Saturday, April 4, 2009
Artist 7
Natalie Jeremijenko uses various mediums, though mostly computer-related, it seems, to address the issues of climate change and the need to act in order to preserve the earth. The image to the left is a computer desktop she developed called A-Trees, alluding to the conventional term for artificial life, which is A- Life. Based on a reciprocating algorithm, the tree "grows" on the screen, depending on the input from a carbon-dioxide meter, which measures the level of CO2 in the immediate vicinity. Her other projects include a program called Stump that prints out a cross-section of a tree's stump when the amount of paper used by the printer amounts to that area of tree in pulp, as well as a project called Tree Logic, which s a display of six trees hanging upside down outside of MASS MoCa. Apparently they collect sap from the trees.
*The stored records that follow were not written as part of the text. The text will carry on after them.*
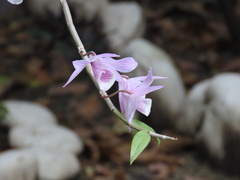 Dendrobium
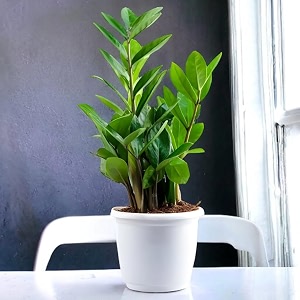 amulya farms air purifying z z plant zamioculcas zamiifolia indoor live plants for living room home office table kitchen amp desk decor items  black pot amp free premium fertiliser included 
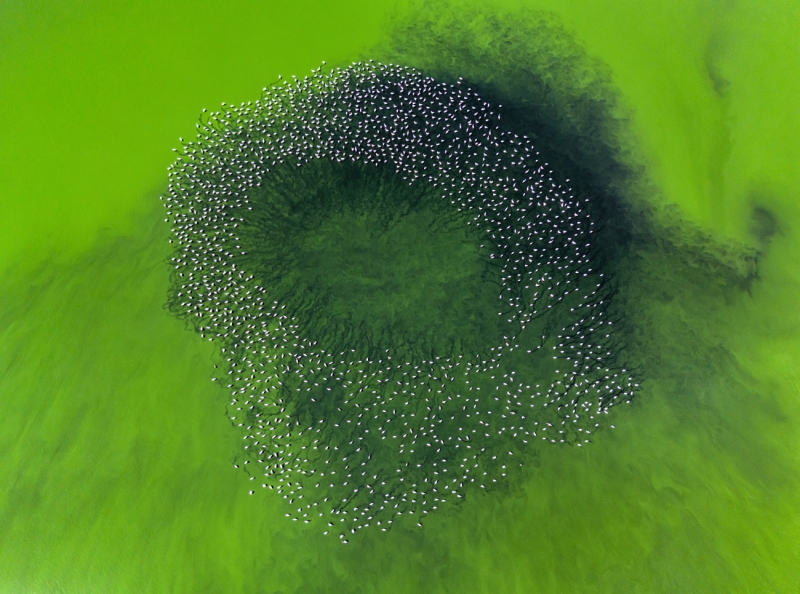 The Eye of Water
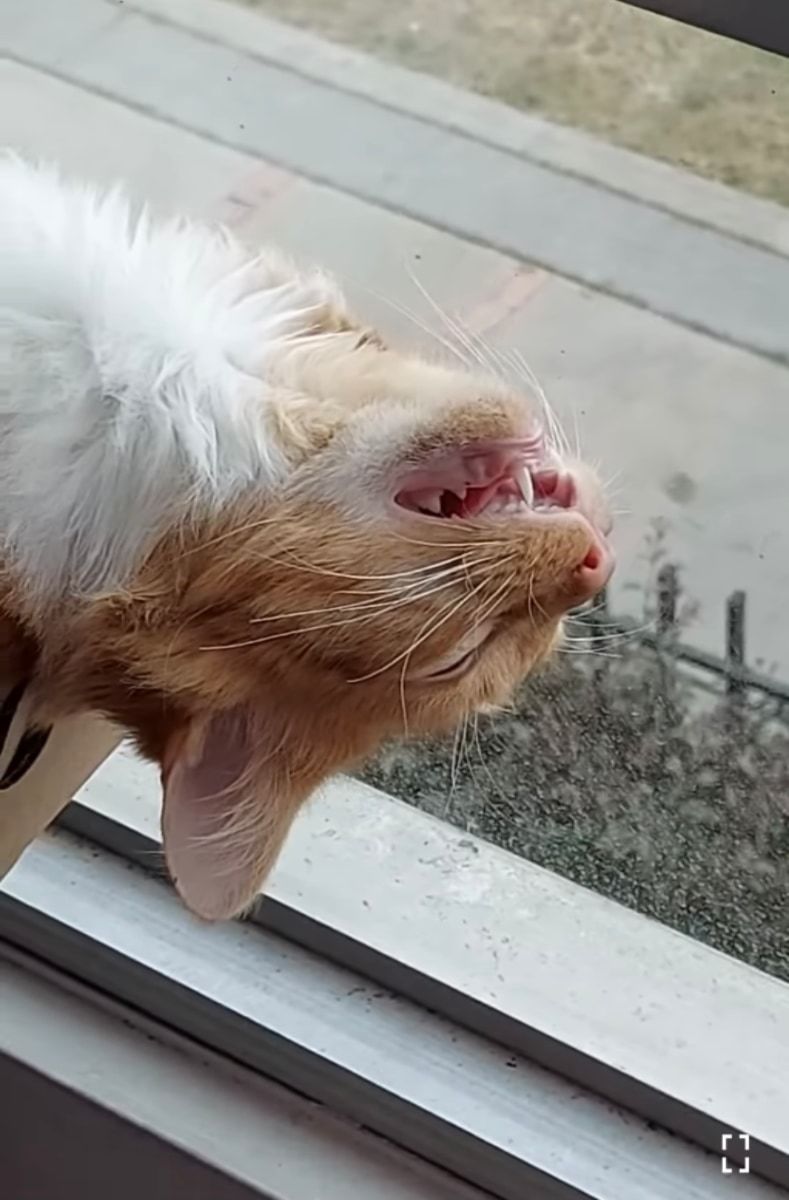 これはビビる！死んでるかと思ったよ。。。仰向けで口を開けたまま倒れているネコに飼い主さんが話しかけると・・・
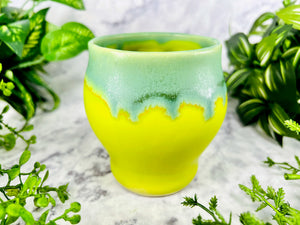 Oregano Boozly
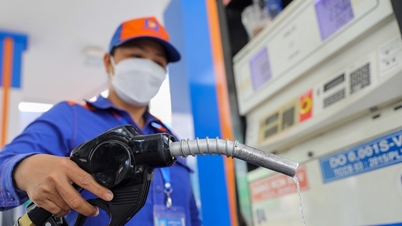 Giá xăng dầu ngày 10/7: Mỹ dự báo giảm sản lượng, giá dầu vẫn cao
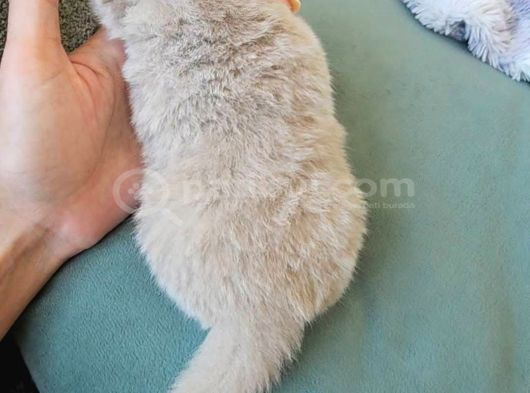 Koca Yanak Nadir Özel Renk Lilac-British Shorthair Yavruları görsel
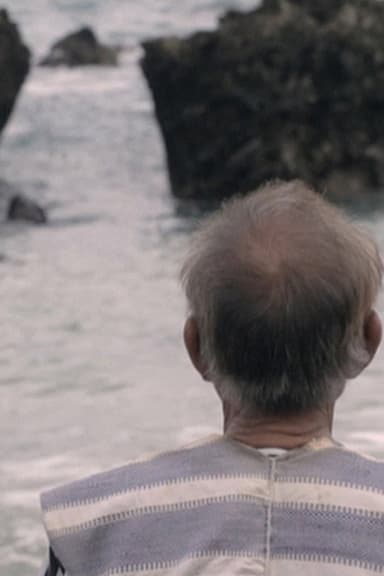 Lanyu — Three Stories poster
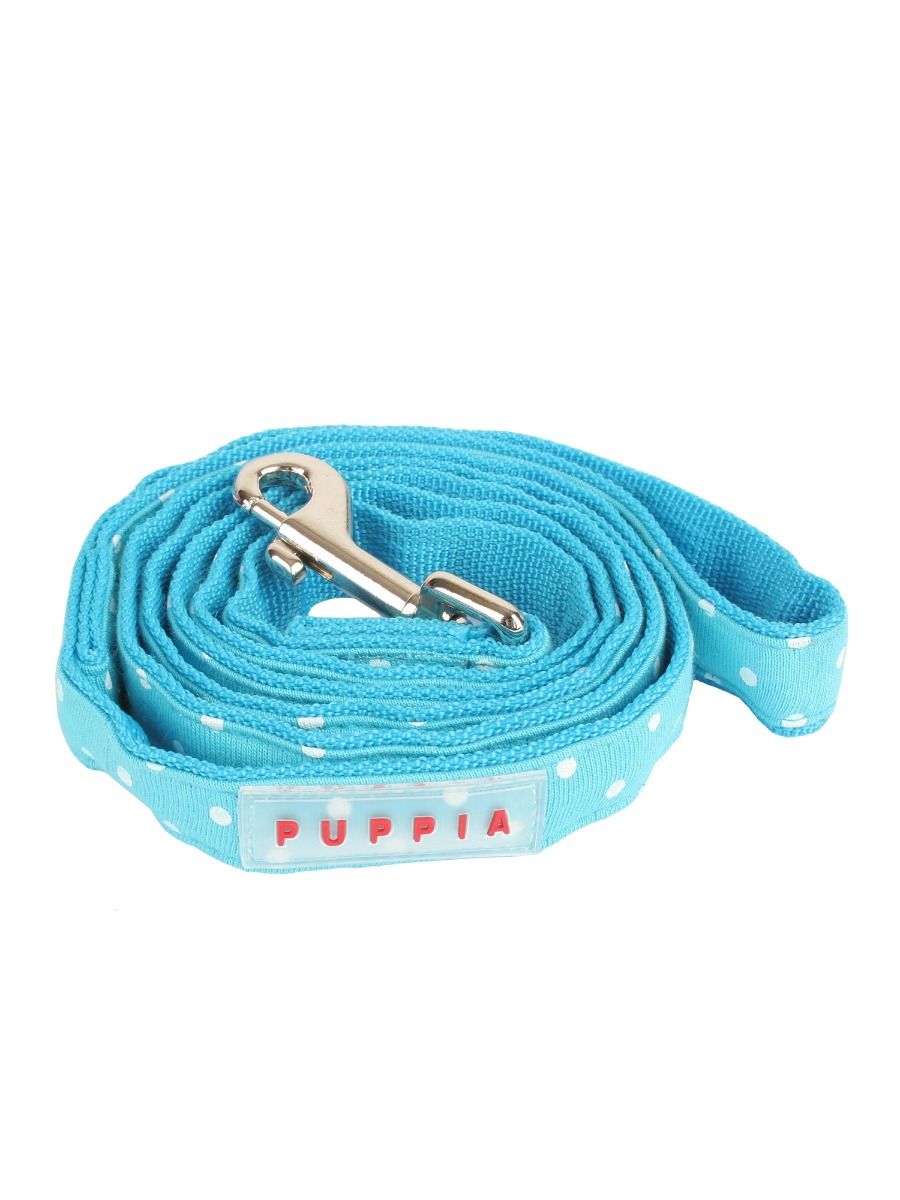 Dotty Lead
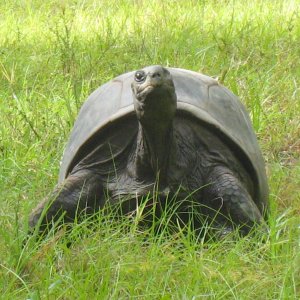 ALDABRA BREEDER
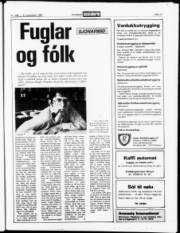 Síða 17
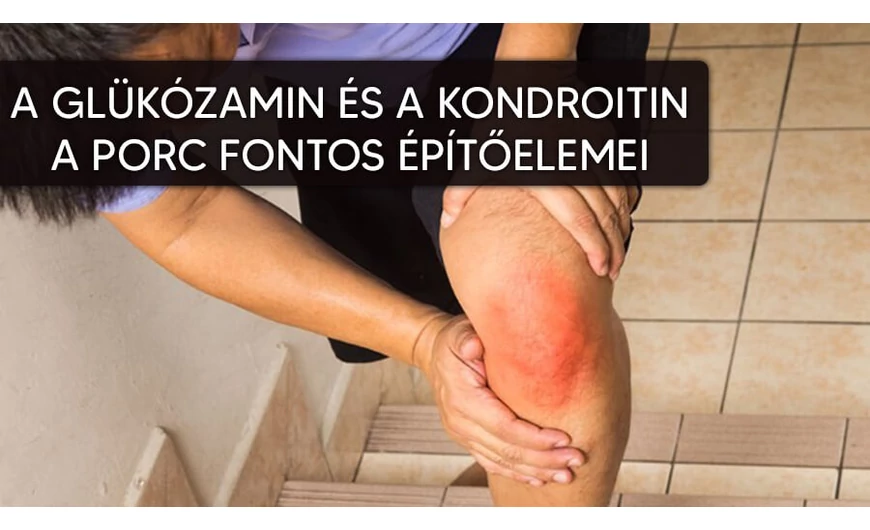 A glükózamin és a kondroitin a porc legfontosabb epítőelemei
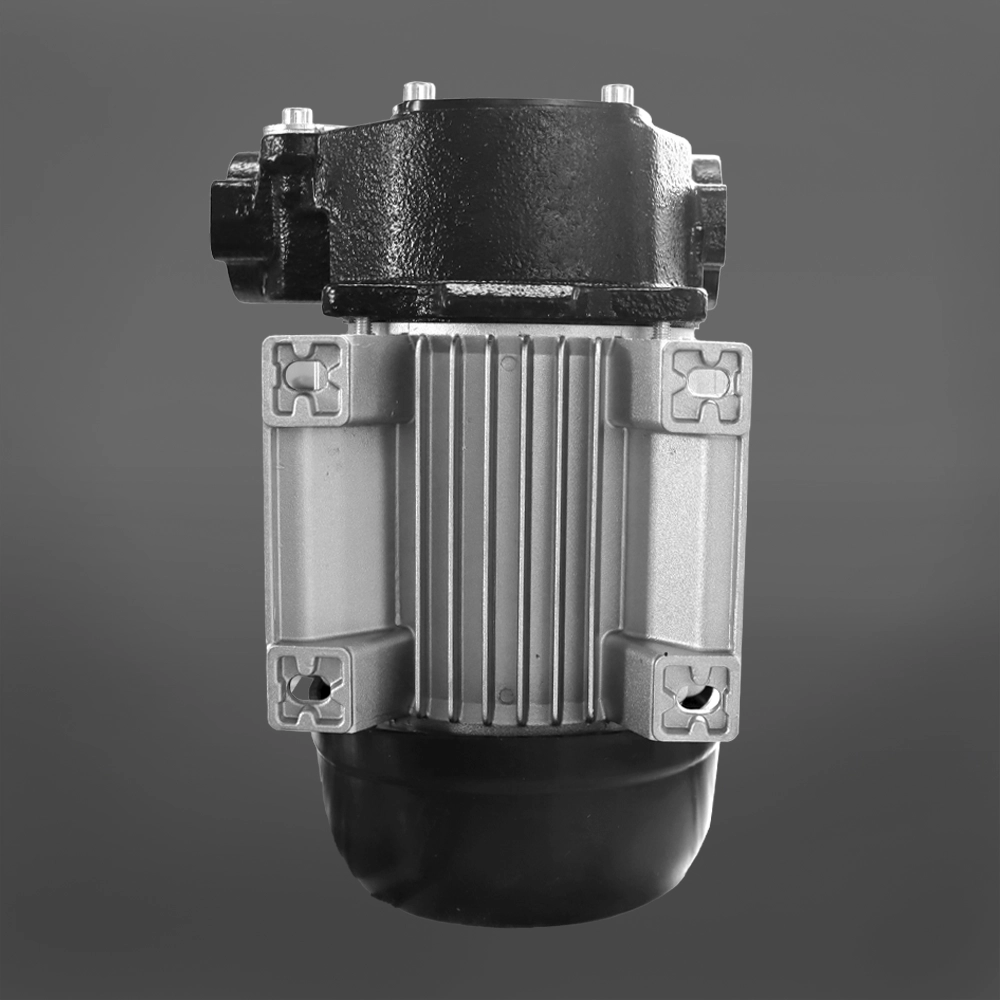 Bomba para Diésel de 220 Volt Piusi Panther 56 3 Bomba para Diésel de 220 Volt Piusi Panther 56 - Imagen 3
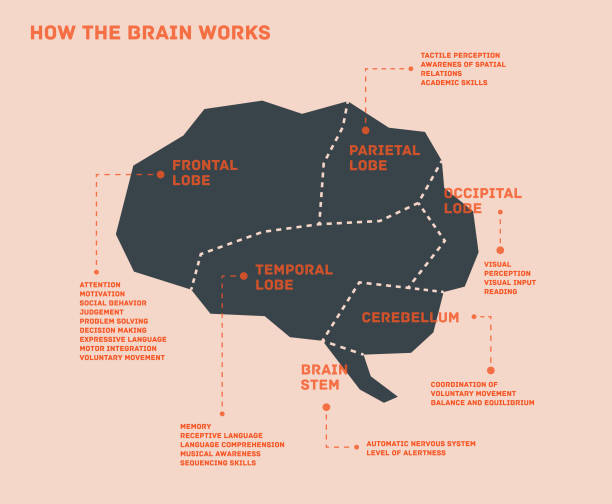 инфографика мозга - lobe stock illustrations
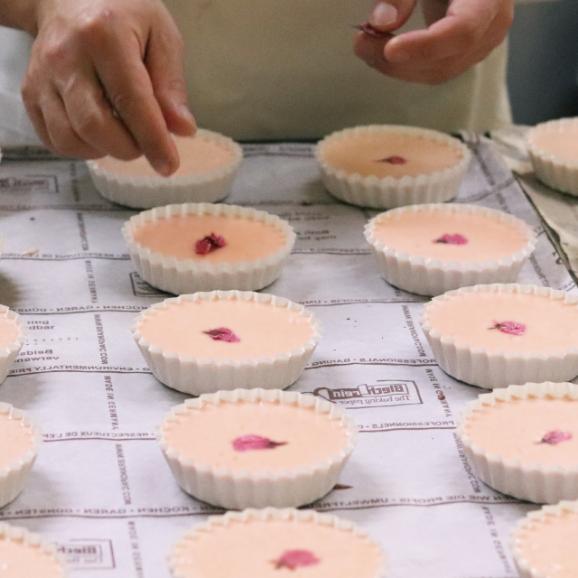 【1日限定5箱】武蔵野マドレーヌ<桜>(10個入り)05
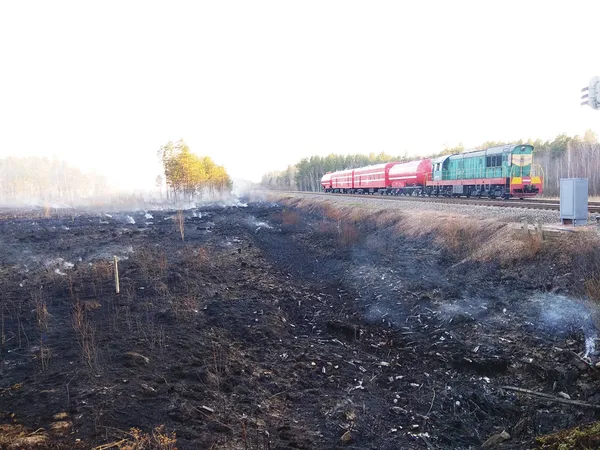 У Зоні відчуження горить уже 5 лісництв (фото)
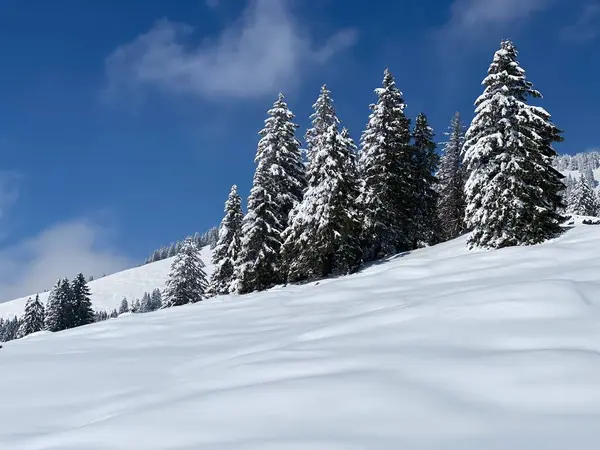 Picturesque Canopies Alpine Trees Typical Winter Atmosphere Spring Snowfall Obertoggenburg — Zdjęcie stockowe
I think the motivation behind her work is awesome, and I admire the creativity with which she was able to manifest those motivations, especially the desktop one. I was drawn to her work because I agree strongly with the notion that action must be taken to preserve our planet. She is furthering these questions and debates by simply drawing attention to it in a new way. In terms of objectivity and subjectivity, I think hr artwork mostly pertains to the objective. The desktop tree is about as possibly accurate as digital imaging can get, and the stump images are not enhanced or anything, merely just a basic printout of that image. And those trees are just trees. What makes these things so powerful is not the accuracy with which they are portrayed, but the new, sometimes strange manner in which these factual images are presented. And this gives them a subjective quality, which allows Natalie to convey her message.